Let's consider the nondimensionalized Hamiltonian

$$\hat H=\frac{\hat{p}^2}2-\frac1r.\tag1$$

Its standard eigenfunctions diagonalize operators $\hat H$, $\hat L_z$ and $\hat L^2$. Laplace-Runge-Lenz operator can be defined as

$$\hat{\vec A}=\frac{\vec r}r-\frac12\left(\hat{\vec p}\times\hat{\vec L}-\hat{\vec L}\times\hat{\vec p}\right).\tag2$$

Its $z$-component $\hat A_z$ commutes with $\hat H$, $\hat L_z$, but doesn't commute with $\hat L^2$ nor with $\hat A^2$, although $\hat A^2$ does commute with $\hat H$, $\hat L_z$ and $\hat L^2$.

2. Eigenfunctions

Since $\hat A^2$ commutes with the operators giving quantum numbers $n,l,m$ to the standard hydrogenic eigenstates, these standard eigenstates are also eigenstates of $\hat A^2$. So no new functions here. For these, we should look at $\hat A_z$.

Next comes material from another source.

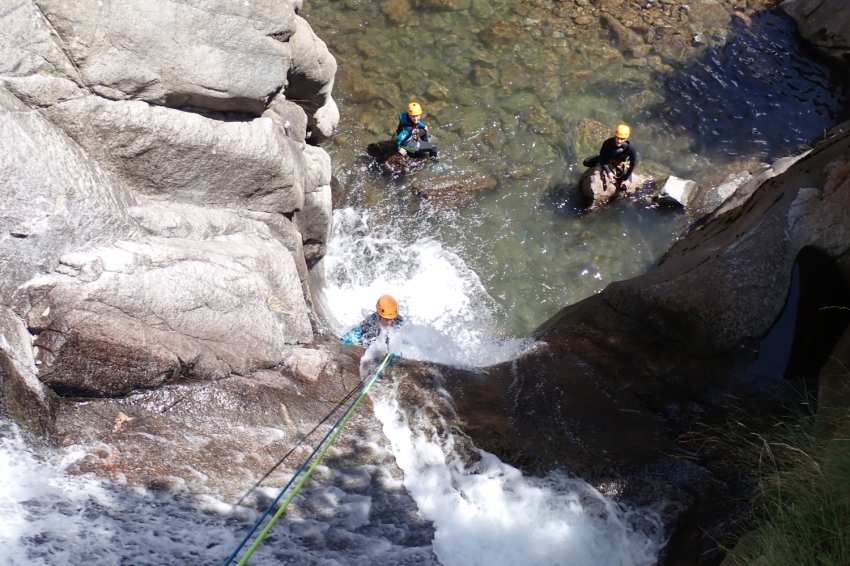 Ravin des Gorgues del Núria avec Pyrénées Extrêmes! (P8230025)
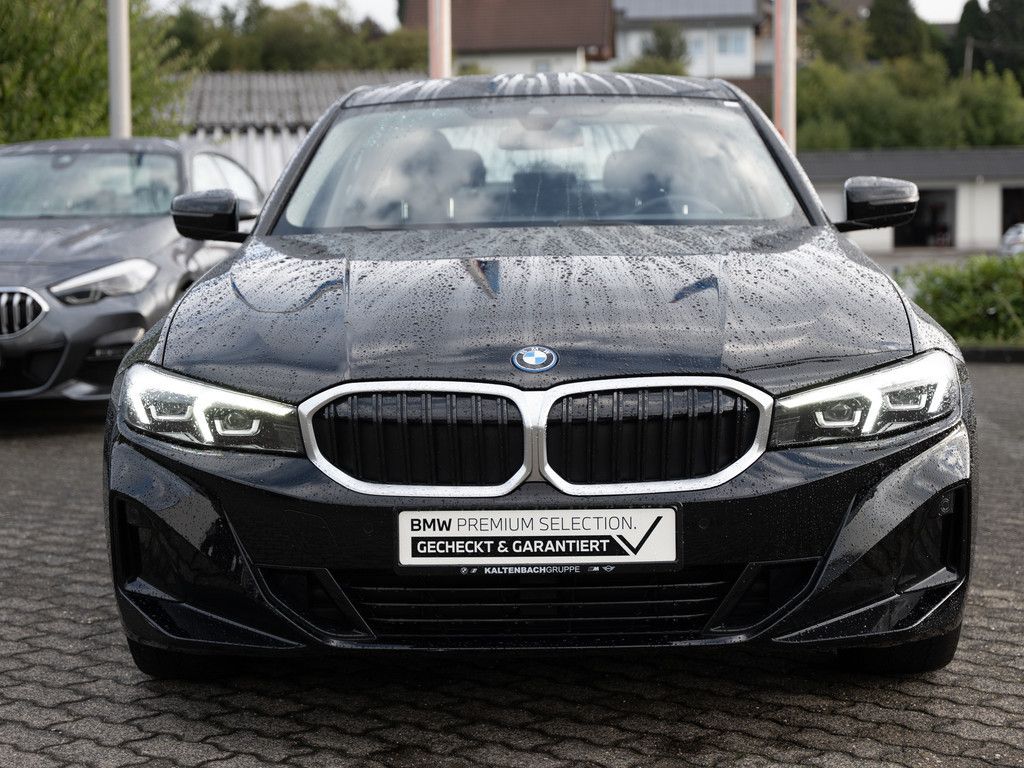 BMW 320 2022 г. Чёрный, пробег 58654 км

2.1. Semi-numerical approach to finding exact eigenstates of $\hat A_z$

Since operators for $H$ and $L_z$ commute with $\hat A_z$, any eigenstate of $\hat A_z$ is a superposition of states with fixed $n$ and $m$ and different $l$ quantum numbers. This lets us find eigenstates of $\hat A_z$ for given $n,m$ without actually solving the eigenfunction PDE. We can e.g. numerically minimize variance of a sample of values of the expression for the eigenvalue

$$A_z=\frac{\hat A_z\sum\limits_l\alpha_l\psi_{n,l,m}}{\sum\limits_l\alpha_l\psi_{n,l,m}},\tag3$$

where $\psi_{n,l,m}$ are the standard simultaneous eigenfunctions of $\hat H$, $\hat L^2$ and $\hat L_z$, getting a set of weights $\alpha_l$. Then we can use the approximations we got to guess the exact values of these weights (and substitute into $(3)$, simplifying, to confirm the guess).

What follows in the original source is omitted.